Lanning no esperó a que la doctora Calvin contestase.
—Yo coordinaré los datos e interpretaré matemáticamente los resultados. —Chupó violentamente su cigarro y miró a los demás a través del humo—. Bogert me ayudará en eso, desde luego.
Bogert se frotaba las uñas de una mano con la palma de la otra.

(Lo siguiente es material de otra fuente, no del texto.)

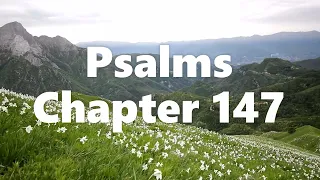 The Book of Psalms Chapter 147 - New King James Version (NKJV) - Audio Bible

—Bien. Entonces, manos a la obra. —Ashe echó su silla atrás y se levantó. Su agradable rostro juvenil esbozó una sonrisa—. Tengo que realizar el trabajo más arduo de todos, de manera que me voy a trabajar.
Y con un «¡Hasta luego!», salió.
Susan Calvin contestó con una inclinación casi imperceptible de cabeza, pero sus ojos lo siguieron hasta que se perdió de vista, y no contestó cuando Lanning, con un guiño, dijo:
—¿Quiere usted subir y ver al RB-34 ahora, doctora Calvin?
Cuando Susan Calvin entró, los ojos fotoeléctricos de RB-34 se levantaron del libro que estaba leyendo, al oír el chirrido de los goznes y se puso de pie. La doctora Calvin se detuvo para volver a poner en su sitio el gran letrero de «Prohibida la entrada» de la puerta y se aproximó al robot.
—Te he traído los textos sobre los motores hiperatómicos, Herbie, algunos por lo menos. ¿Quieres echarles una mirada?
RB-34, conocido por el apodo de «Herbie», tomó los tres pesados volúmenes que ella llevaba en los brazos y abrió uno de ellos por el índice.
—¡Hum!… «Teoría de Hiperatómico»… —murmuró sin articular, como para sí mismo. Hojeó las páginas y con el aire abstraído, añadió—: ¡Siéntate, doctora Calvin! Necesitaré algunos minutos.
La doctora psicóloga se sentó mientras él tomaba también una silla, se sentaba al otro lado de la mesa y comenzaba a recorrer sistemáticamente los textos. Media hora después los dejó a un lado.
—Desde luego, sé por qué has traído esto.
—Lo temía —dijo la doctora, torciendo el gesto—. Es difícil trabajar contigo, Herbie. Estás siempre un paso más adelante que yo.